Join our community of smart investors
Opinion

The bargain shares for 2008

The bargain shares for 2008
February 29, 2008
The bargain shares for 2008

The table below gives a brief summary of the main metrics. Below that, you'll find some background on each of the companies. The links take you to a page containing more articles and financial data on the company in question.

BARGAIN PORTFOLIO 2008
COMPANYTIDMWHAT IT DOESPRICEMKT. VAL.BARGAIN RATING
El Oro & ExplorationELXInv. co.610£65.7m1.29
InlandINLProperty dev34.5£55.9m1.01
Ambrian CapitalAMBRInv. bank45£50.9m1.00
Raven MountRAVInv. co.74.75£83.2m0.93
Indian Film CoIFCFilm production74.5£42.0m0.65
ColefaxCFXInterior design173£26.6m0.45

Colefax (CFX)

Market reaction to first half results from Colefax, an international designer and distributor of furnishing fabrics and wallpapers, show just how risk-averse investors have become. In fact, despite reporting a double-digit sales increase in the six months to the end of October and a 34 per cent hike in pre-tax profits, shares in the small-cap company are languishing close to 12-month lows, having fallen by a third since the autumn.

Moreover, if we are conservative and assume that Colefax only matches its 2007 full-year performance - when it reported earnings per share of 24.8p - then the shares are trading on a meagre seven times post-tax earnings. It is worth noting, though, that on the back of these results house broker KBC Peel Hunt actually upgraded its EPS estimate for the year to end April 2008 by 12 per cent to 26.6p.

True, there are risks involved - especially with the property market cooling and growing evidence that the economic slowdown is accelerating on both sides of the Atlantic. Indeed, over half Colefax's sales in its fabric division come from the US, including upmarket brands such as Jane Churchill, Larsen and Manuel Canovas. However, it would appear that luxury brands are proving more resilient to the consumer slowdown. Chairman David Green reports that: "Current trading has proved robust in the UK and Europe, with a slight slowdown seen in the US." Interestingly, sterling is now weakening against the US dollar as its yield support disappears, which will be beneficial to Colefax given its US exposure. In fact, every 1c movement in the exchange rate adds around £65,000 to revenues, which will help to cushion any further slowdown in sales from the US.

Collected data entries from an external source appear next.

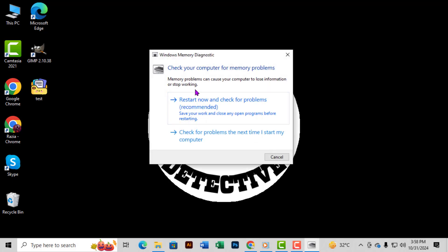Step 6: The Memory Diagnostic tool will give you an option to restart now and check for problems. Click this, and your computer will reboot automatically. During the restart, Windows will scan your RAM for any errors. Once it's done, you'll see a report on your screen with the test results. If there's an issue, the report will suggest next steps, like replacing or reseating your RAM.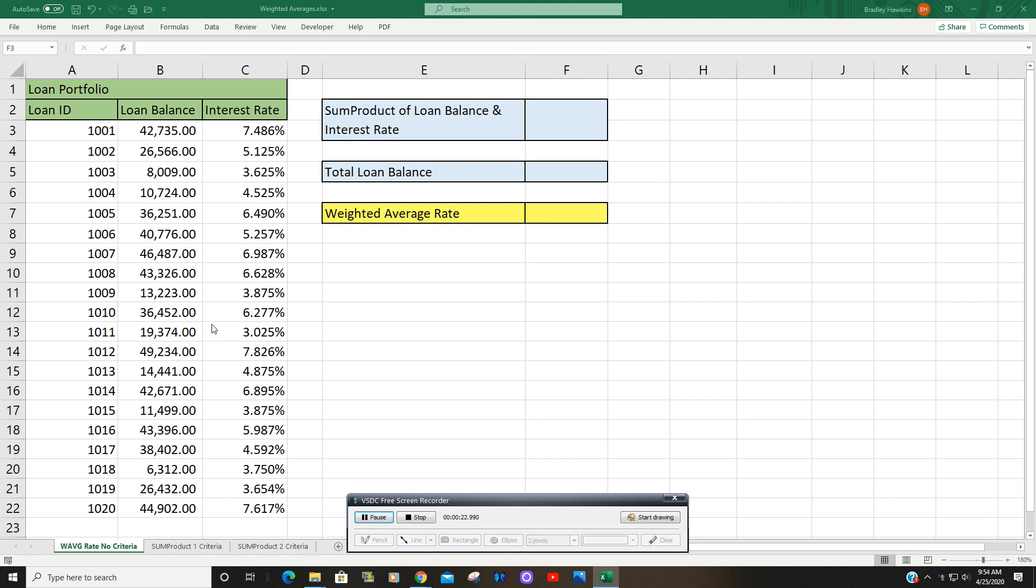To get the weighted average, we're going to use the SUMPRODUCT function. What the SUMPRODUCT function does is it multiplies the values in two or more parallel arrays. So it multiplies this balance times this rate, this balance times this rate, and so on, and then it adds up the sum of all those products.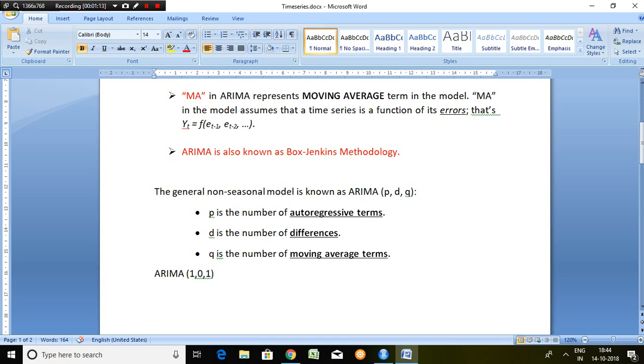For example, yt equals function of et minus 1, et minus 2, and so on.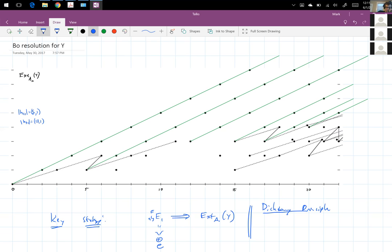The dichotomy principle, to say correctly, would take too much time. So I'll put a slogan that's slightly incorrect: you're detected by evil if and only if you're V1 torsion. In the general case, it'd be V_N torsion.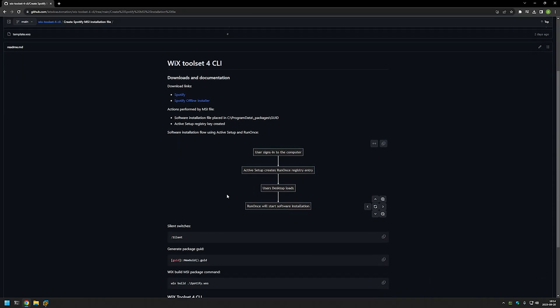The installation will work like this: the user signs into the computer, Active Setup creates a RunOnce registry entry, then the user desktop loads, and after that RunOnce starts the software installation. This process will happen for all users on the computer once during the login process.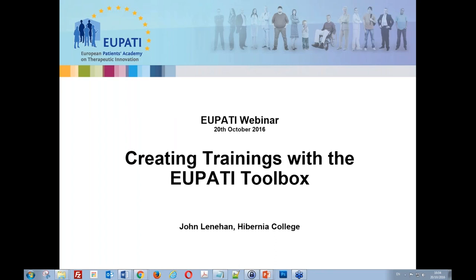Thank you very much, Giulio, for that amazing introduction. If I could just ask everybody — can they see my slide and hear me clearly? Yes, I can see your slide and hear you very clearly, so I think you can go ahead. Great.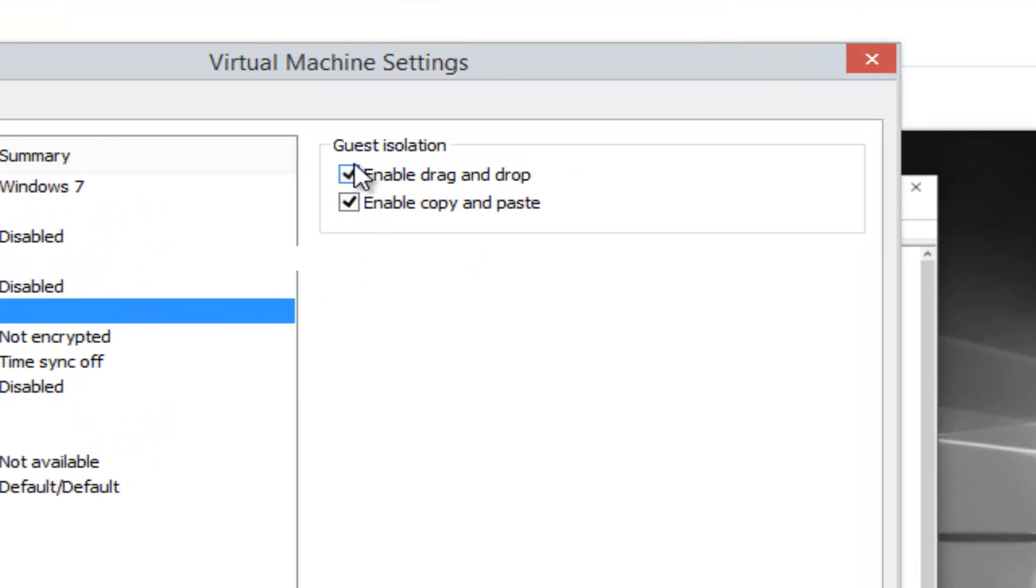On the right side, underneath Guest Isolation, we see there's two sections. One for enable drag and drop, and one for enable copy and paste.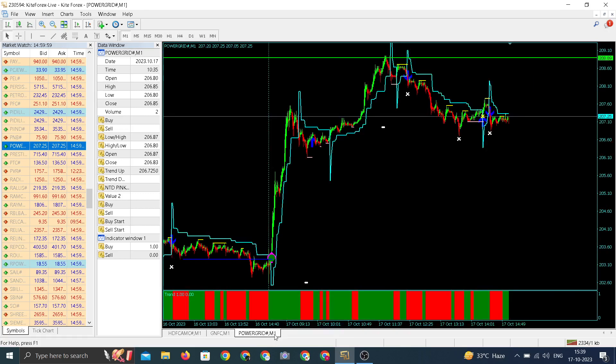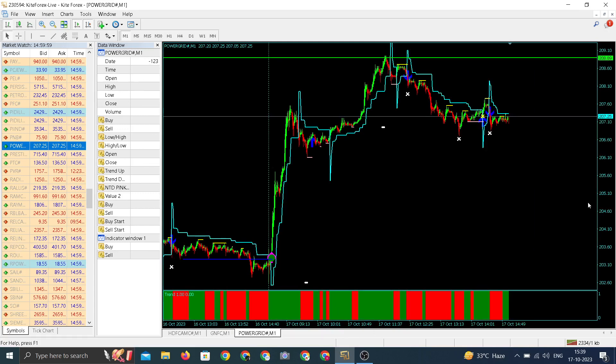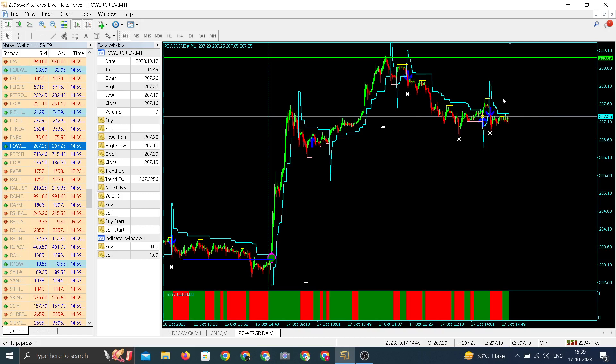Talking about Power Grid, again a sharp move. One among the top gainers among all the FNOS. I guess it is one among the top 5 gainers, Power Grid. With a high of 208, a sharp move in Power Grid and close somewhere near to its day high around 207.25. A sharp move in all three counters.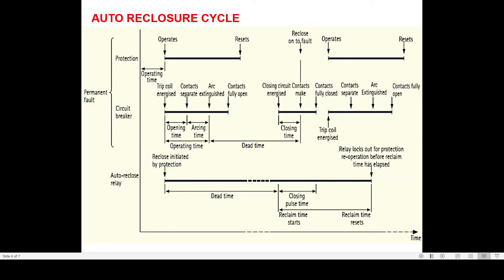Now we will discuss the complete autoreclosure cycle. Once the protection relay sees a fault, it will operate, but this generally takes some time — about 20 to 30 milliseconds. Although zone 1 timing is 0 milliseconds, that doesn't mean zone 1 will operate at exactly 0 milliseconds. It will take some time depending upon relay processor speed, sampling of the numerical relays, availability of current and voltage magnitude, and the algorithm of your distance protection relays.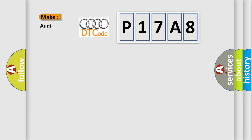So, what does the diagnostic trouble code P17A8 interpret specifically for Audi car manufacturers?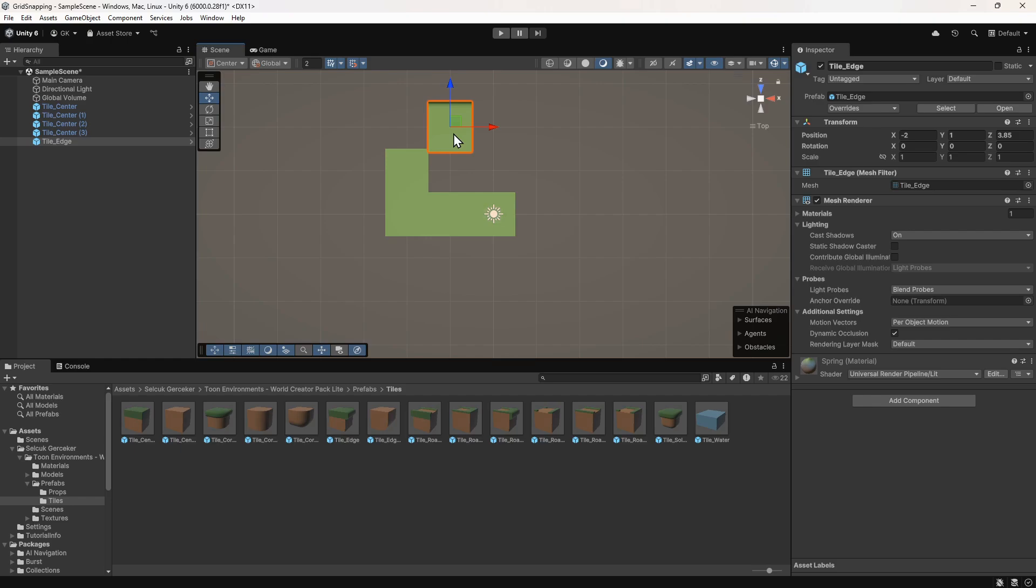Rather than using the center, we'll select this option and change it to use the pivot point. The pivot point is defined by the creator of the asset, and for modular assets it should be in the correct place for grid snapping.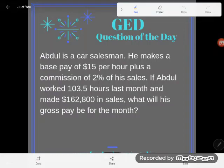Hey GED students, it's GED question of the day time, and we're still working with multi-step percent problems like you might see on the GED. So great news — go grab your calculator, because when you have these types of word problems on the GED, or really any word problems, you always get a calculator to do the computations.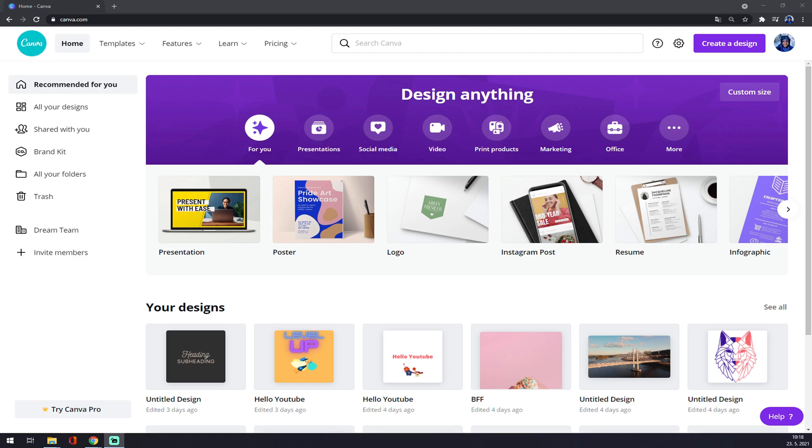Hello guys, my name is Matthew, and in today's video I'm going to show you how you can change the name of your team in Canva.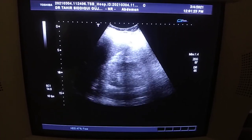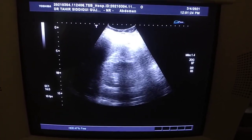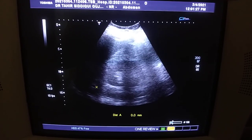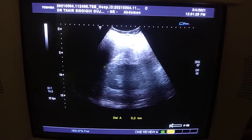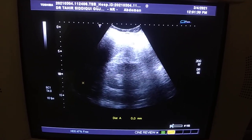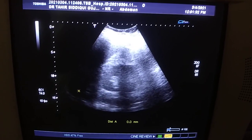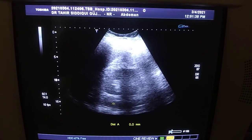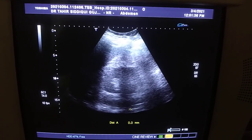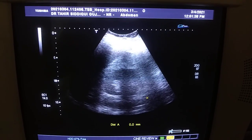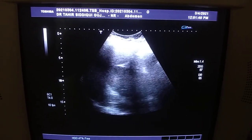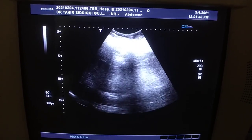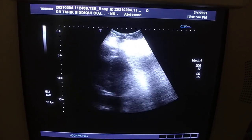Now here you are seeing — I want to show you the IVC first in this image. This is the kidney, this is the liver, this is the diaphragm, and here what we see is the IVC. It is patent; there is no clot or any other pathology seen relating to it. A normal curve, normal caliber.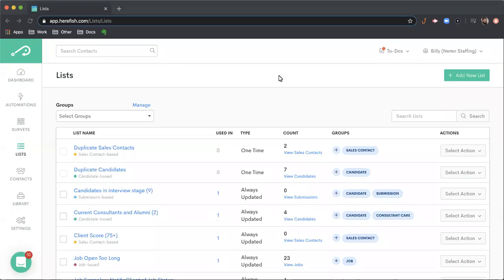Welcome to the list area inside of HearFish. Lists are an important concept. They're vital to automation. It's where you build out the people or the things that you want to go through your automations.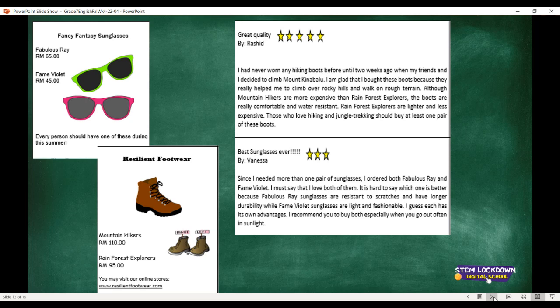Let's look at the next review about the sunglasses — three stars. 'Best sunglasses ever. Since I needed more than one pair of sunglasses, I ordered both Fabulous Ray and Famed Violet. I must say that I love both of them. It is hard to say which one is better, because Fabulous Ray sunglasses are resistant to scratches and have longer durability, while Famed Violet sunglasses are light and fashionable. I guess each one has its own advantages. I recommend you to buy both, especially when you go out often in the sunlight.' That's the review with regard to the Fancy Fantasy sunglasses.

Colefax may have above-average operational gearing, but it is not financially geared - net borrowing stood at a modest £0.75m against net assets of £17m. Strip out £5m-worth of plant, equipment and property assets and, using Ben Graham's strict criteria, Colefax squeaks into our portfolio with adjusted net current assets (less all non-current liabilities) around half its current market value of £26m. Add to that a progressive dividend policy - the 7 per cent hike in the first-half payout is hardly the sign of a company battening down the hatches - and Colefax gets my vote, trading on under seven times earnings, yielding 2.4 per cent and with a bargain rating of 0.45.

Ambrian Capital (AMBR)

Following a savage derating in the past six months, small-cap and resources-based investment bank Ambrian Capital is an interesting and relatively low-risk proposition for investors. In fact, the bank is now capitalised bang in line with its last reported book value of £52m at the end of June 2007, of which a healthy £20m was in cash net of client's deposits.

True, Ambrian's £32.1m investment portfolio has taken a few hits since then, including a 40 per cent slump in its holding in Aim-traded Jubilee Platinum, which had a value of £9.3m in June and was the largest holding. But there have been successes, too - including a doubling in the value of the £1.5m stake in Anglesey Mining - although these will not be enough to offset all the paper losses. So it's worth remembering that IFRS accounting requires Ambrian to mark-to-market the value of its investments, changes of which are reported as revenues in the income statement. Consequently, reported profits are likely to be volatile and subject to the short-term fluctuations in the underlying value of the investment holdings when the bank reports its full year results in March.

A relatively robust balance sheet aside, Ambrian Capital offers growth from three wholly owned subsidiaries: Ambrian Partners, a corporate finance adviser and stockbroker with 34 corporate clients; Ambrian Commodities, a member of The London Metal Exchange and a broker-dealer of LME traded metals, precious metals, carbon credits and soft commodities; and Ambrian Asset Management, a specialist investment management business. In the first half of last year, investment banking accounted for £5.4m of revenues - a 26 per cent increase on the same period in 2006. Mining clients represented just under half of this, although Ambrian also serves the oil & gas, alternative energy and technology sectors.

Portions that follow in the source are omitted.